Doğan Yayın Holding patronu Aydın Doğan“hassasiyet” çağrısına yanıt verenlerden. Medya kuruluşları arasında yer alan gazetelerinin genel yayın yönetmenlerine yazdığı mektupta “barış dilini korumaya özen” vurgusu yaptı.
“Savaşta ilk kayıp hakikattir” sözünü hatırladığımız çok durum yaşandı bu topraklarda. Ancak sadece Türkiye’ye özgü bir durum değil. Bağımsız İletişim Ağı( BİA)’nın AKP’nin 10 yıllık ifade ve örgütlenme özgürlüğü ile ilgili icraatlarının da bir anlamda fotoğrafını sunan "İfade Özgürlüğü ’nün On Yılı/2001-2011" kitabından bir alıntı, bugüne bir iz düşüm. Kore Savaşı’nı izleyen United Press muhabiri Robert Miller anlatıyor: “Pek çoğumuz gönderdiğimiz haberlerin yalan olduğunu biliyorduk ama sorumlu askeri karargâhların yaptıkları resmi açıklamaları yazmak zorundaydık.”
Çok yakın zamana dair bir örnek de Sri Lanka’dan. İsyancı örgüt Tamiller ile ilgili araştırmalarından dolayı devlet tehdidi ile ülkesini terk etmek zorunda kalan Rohitha Basthana’nın söyledikleri de “barış gazeteciliği” ile ilgili önemli bir deneyim aktarıyor: "Devletle isyancılar konuştuğunda tartışmalar bir düzlemde başlamış demektir. Ama başka bir düzlem daha olmalı, halkın halkla konuştuğu bir düzlem. Medya doğrudan halklar arasında, yani yükseklerde değil, tabanda böyle bir tartışma platformu açabilir."(BBC Türkçe Servisi/Mahmut Hamsici)
Barış gazeteciliği gibi sonradan tercihen edinilen bir sıfat yerine “gerçeğin gazeteciliği”ni savunmak zor. Bu topraklarda da zor. Hâlâ “Kandil”, “İmralı” kodları ile konuşuluyor. Ya da süreç “PKK’ya silah bıraktırmaya, teröre son vermeye yönelik görüşme ya da diyalog” olarak ihtiyatlı ve algı yöneten bir dil ile tanımlanıyor.
Sadece son 40 yılda değil, 2012’de de 165 kadının erkekler tarafından öldürüldüğü Türkiye’de; egemen, güçlüden yana, eril, militarist, milliyetçi ve nefret taşıyan haber dilinin doğrudan ya da dolaylı payı çok “savaş gazeteciliğinde”.
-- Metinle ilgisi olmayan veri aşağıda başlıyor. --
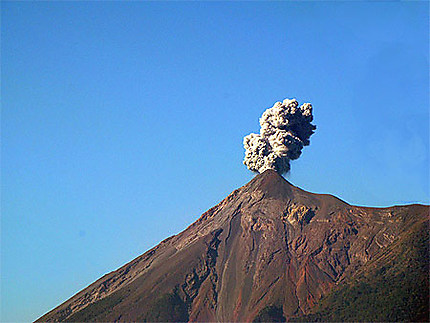 Volcan du feu au Guatemala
“Türkiye Türklerindir” sloganı hala durmuyor mu bir gazetenin logosunda.
Barış Gazeteciliği kavramının mimarı bilim insanı Johan Galtung’un modeli üzerine konuşacak çok malzeme var yakın tarihten. Ancak bu süreçte bu konunun enine boyuna medyada tartışılmaması, tipik kendisinden bahsedilmesinden hoşlanmayan “ergen” tavrı.
Medyanın “aman aman lütfen barış dili” duyarlılığı tabi ki kökten bir dönüşüm yaşanıyor anlamına gelmiyor. Her şey iktidarın yaratmak istediği siyasi atmosfere bağlı. Hayra vesile görünse de bu simbiyoz beslenme tarzı başka bir açıdan da temkinli olmayı gerektiriyor.